Estimating your fluid needs
While medical professionals use several methods to estimate fluid needs — the Weight Method (Holliday-Segar Method), the RDA Method (Energy Method), and the Fluid Balance Method — there isn’t enough research to validate whether one or the other is more effective, though you may choose one that feels right to you.
Zero’s nutrition expert, Nicole Grant, RD, recommends estimating fluid needs for healthy adults by 30–35 mL of water per kg of body weight to start and adjusting from there. If you continue exercising while fasting, increase fluids slightly, and take into consideration your age and any disease states you may experience. Additionally, some medications may require extra fluids to be taken with them. Finally, if you’re in an environment with high temperatures, always take in more fluids.
If you’re engaged in a prolonged fast of more than several days, you can be at higher risk for dehydration, so maintaining electrolyte balance during a fast will give you the best hydration outcome and limit risks.
Always pay attention to your thirst, which is an important cue for dehydration, but remember it can be easy to overlook thirst if you’re busy or distracted, so it may not be the most reliable way to stay hydrated.
Maintain electrolyte balance
Electrolytes are substances everybody needs to manage, regulate, and maintain important bodily functions. These are depleted through physical activity and fasting, so you want to be sure you’re getting enough of the following electrolytes in your feeding windows. Remember, too, that the best way to absorb electrolytes is through whole foods, not supplements, unless you are at an extreme deficit and require supplementation.
· Sodium. Sodium depletion leads to headaches and muscle spasms. Make sure to get the recommended daily allowance for your weight and gender. For prolonged fasts of three or more days, you may need to supplement with bouillon for extra sodium. Depending on the type and duration of your fast, you may also need to increase your sodium intake greater than the recommended daily amount (RDA). On the other hand, certain populations need to be more cautious about their sodium intake, such as those with congestive heart failure, renal disease, or hypertension and may need to consume less than the RDA. Consult with your doctor.
· Potassium. The main job of this mineral is to regulate fluid in muscles and help nerves send signals. You can thank potassium for keeping you free of painful leg spasms.
· Magnesium. Among many jobs, this helps regulate muscle and nerve function and can aid in sleep. For prolonged fasts of three or more days, consider adding a magnesium supplement.

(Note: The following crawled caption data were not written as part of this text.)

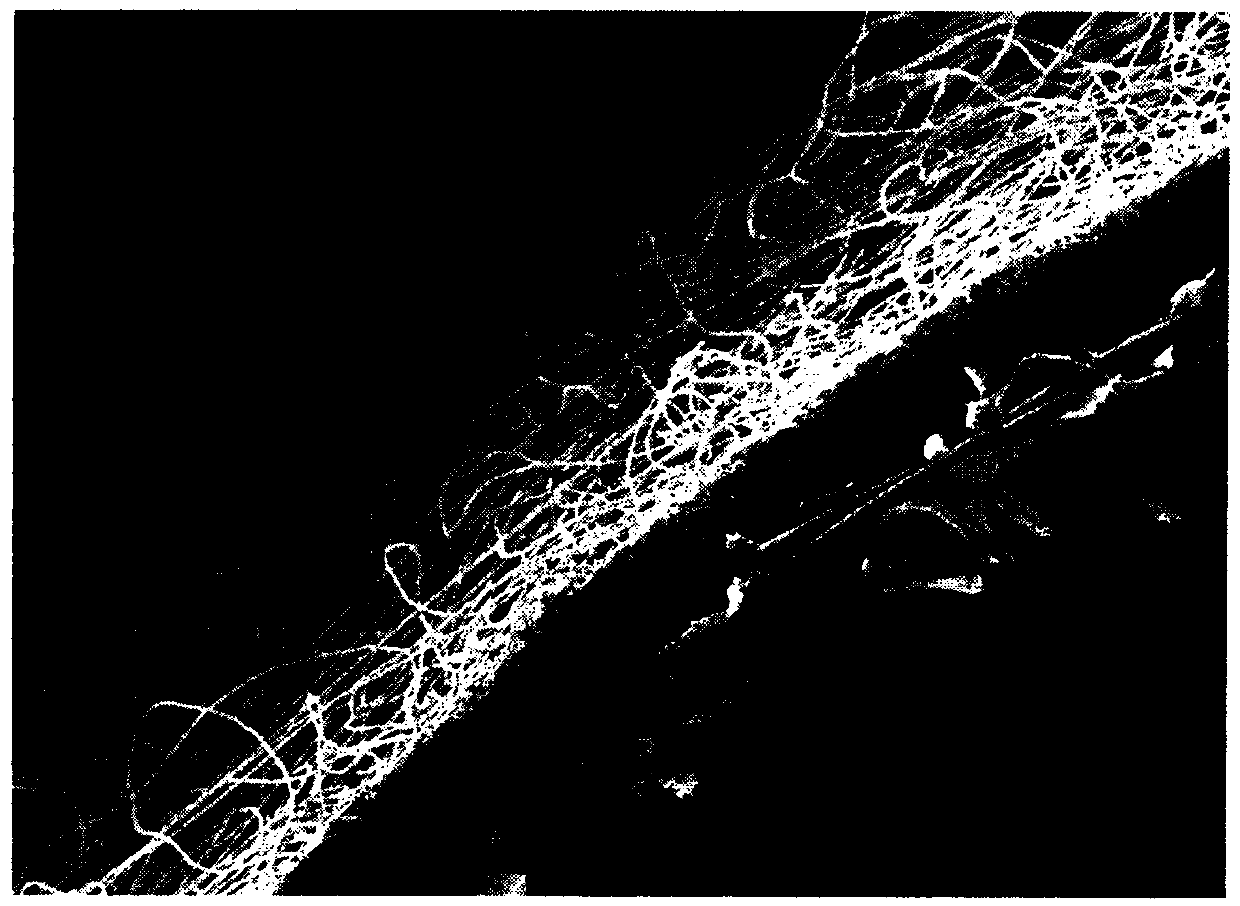 A kind of microfiber/nanofiber composite filter material and preparation method thereof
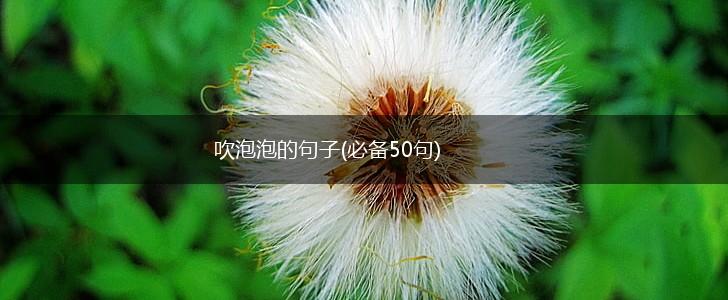 吹泡泡的句子(必备50句),第1张
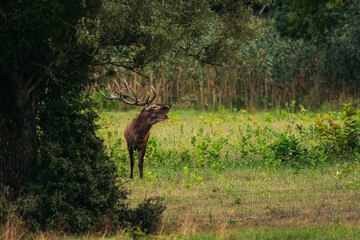 Red deer stag roaring during rutting season in autumn.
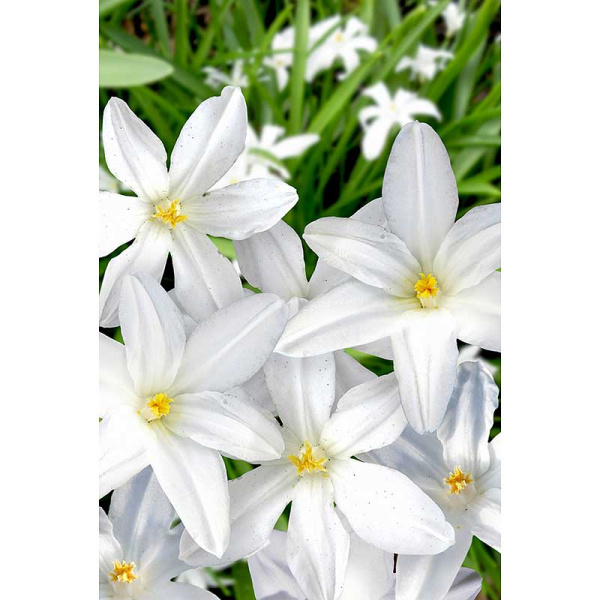 Хионодокса Альба 5/+ 10 шт Садовита 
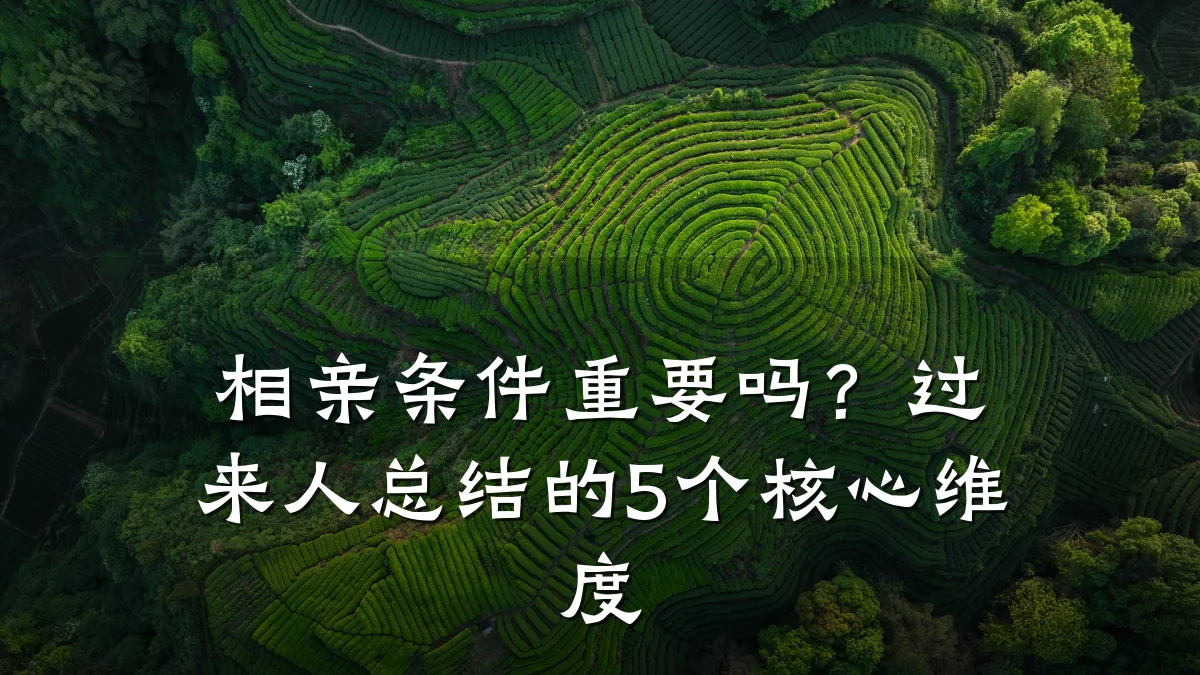 相亲条件重要吗?过来人总结的5个核心维度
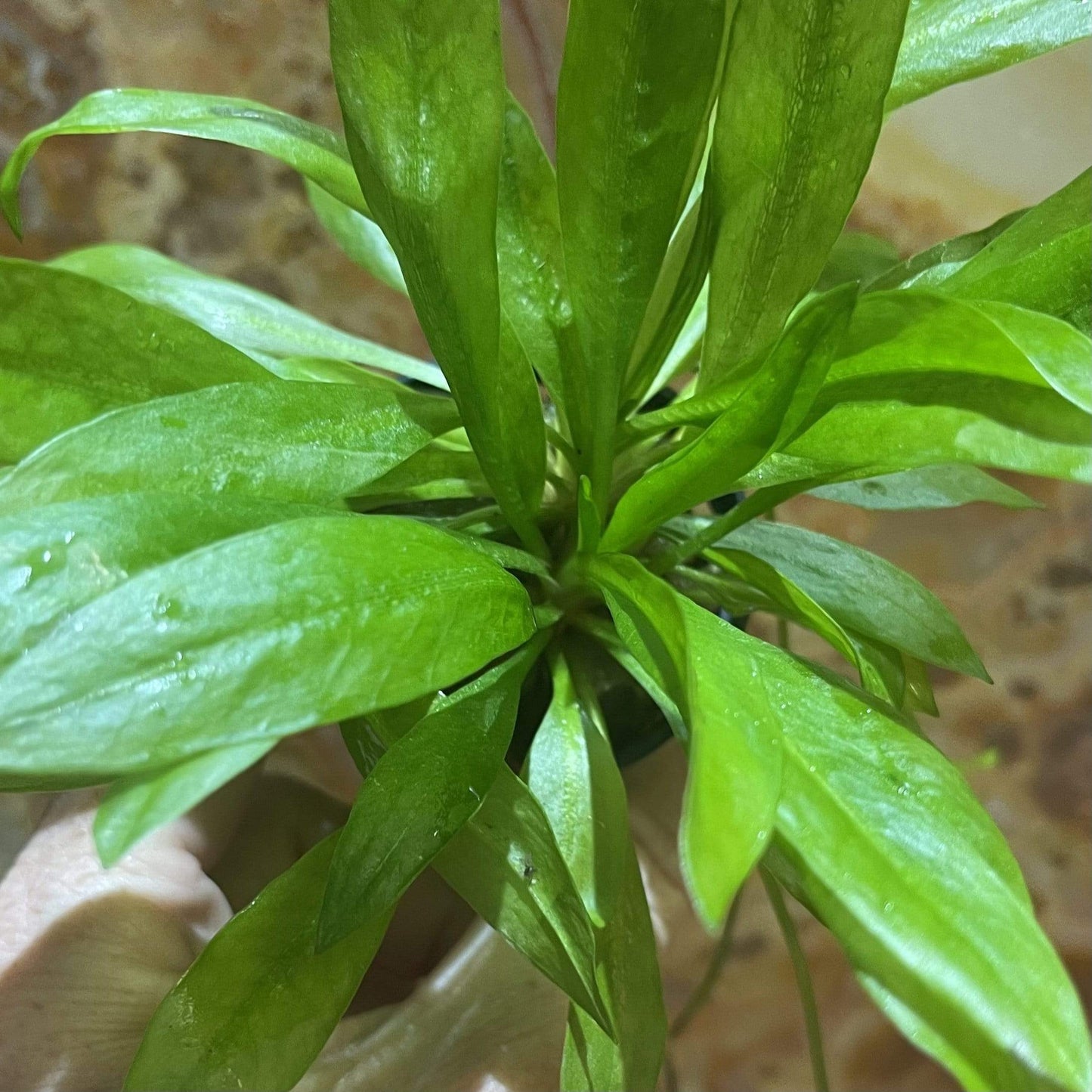 Pisces Enterprises 5cm Pot Echinodorus Grisebachii 5cm Pot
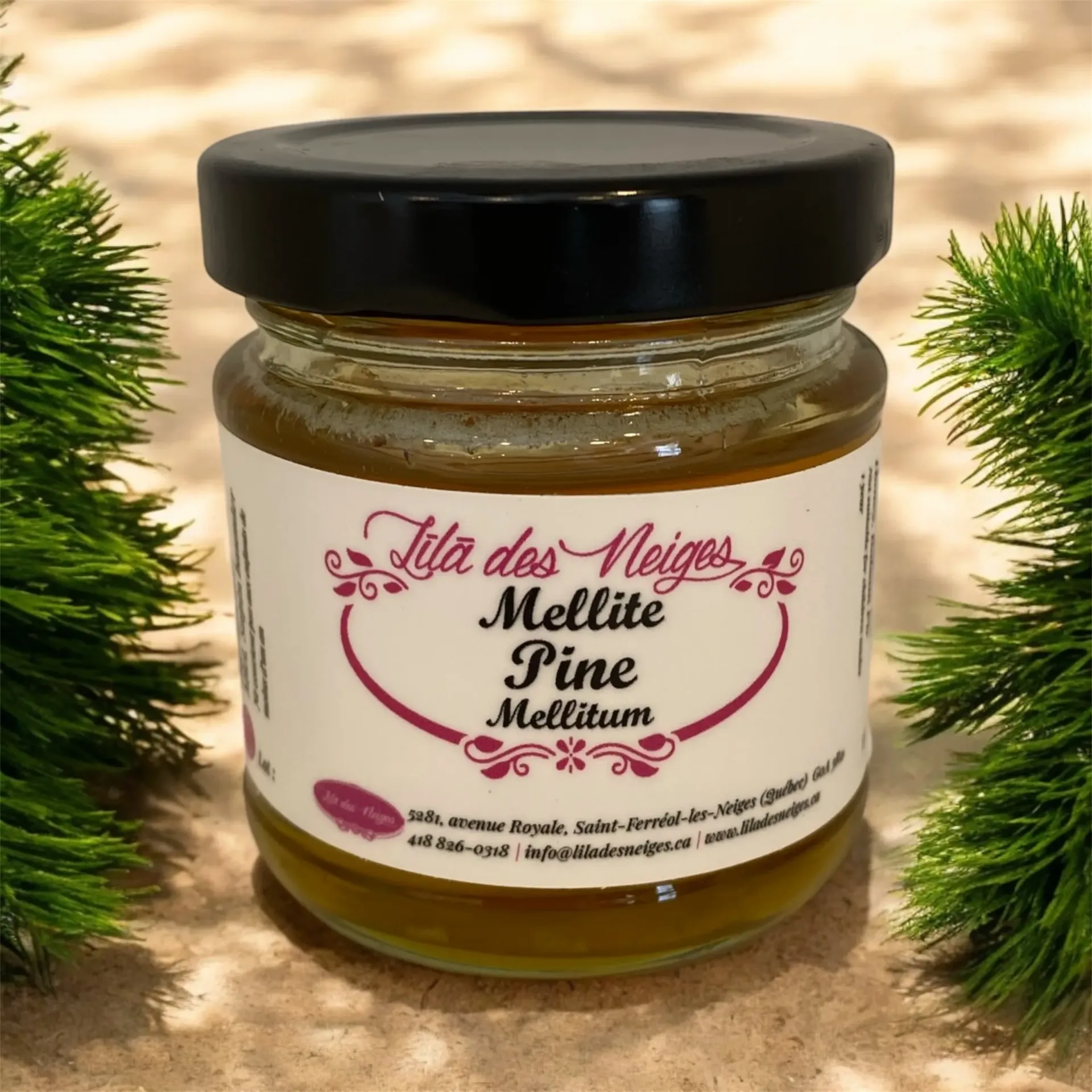 Mellite de sapin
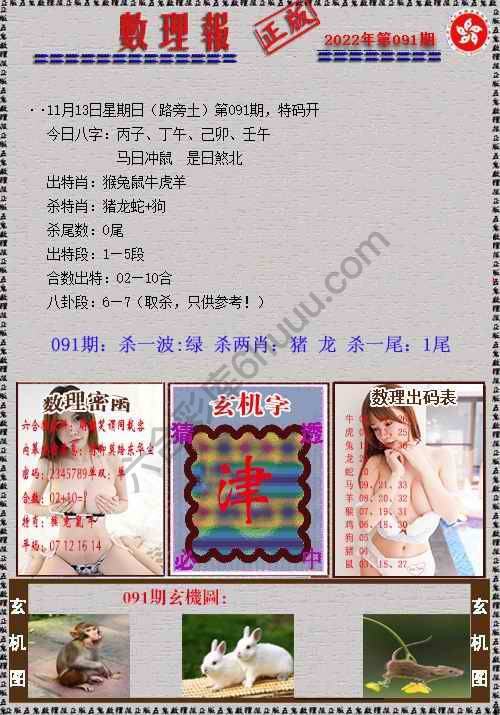 数理报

· Zinc. This mineral is well known for supporting testosterone production and nerve function. Don’t take this on an empty stomach, however — it can upset your tummy.
· Calcium. Calcium is key to your bones and your muscles. It helps your blood clot, your heart to beat, and your muscles to contract. You should be fine getting this in the form of food during your feeding windows.
Some signs that your electrolytes are too low include such symptoms as headaches, heart palpitations, lightheadedness, muscle cramps, and fatigue to name a few.
Analyze your urine
If you’re not quite sure of your hydration level, and you aren’t taking any medication or supplement that changes the color of your urine, Grant recommends using the color of your urine to indicate your general level of hydration. A concentrated yellow color likely equals dehydrated; very clear urine can mean overhydrated; and a light straw color is what you’re aiming for — it reflects good hydration.
Whatever approach you take to hydration, don’t make it a last priority when fasting. Proper hydration will make you feel better while fasting and help smooth your transition back to eating.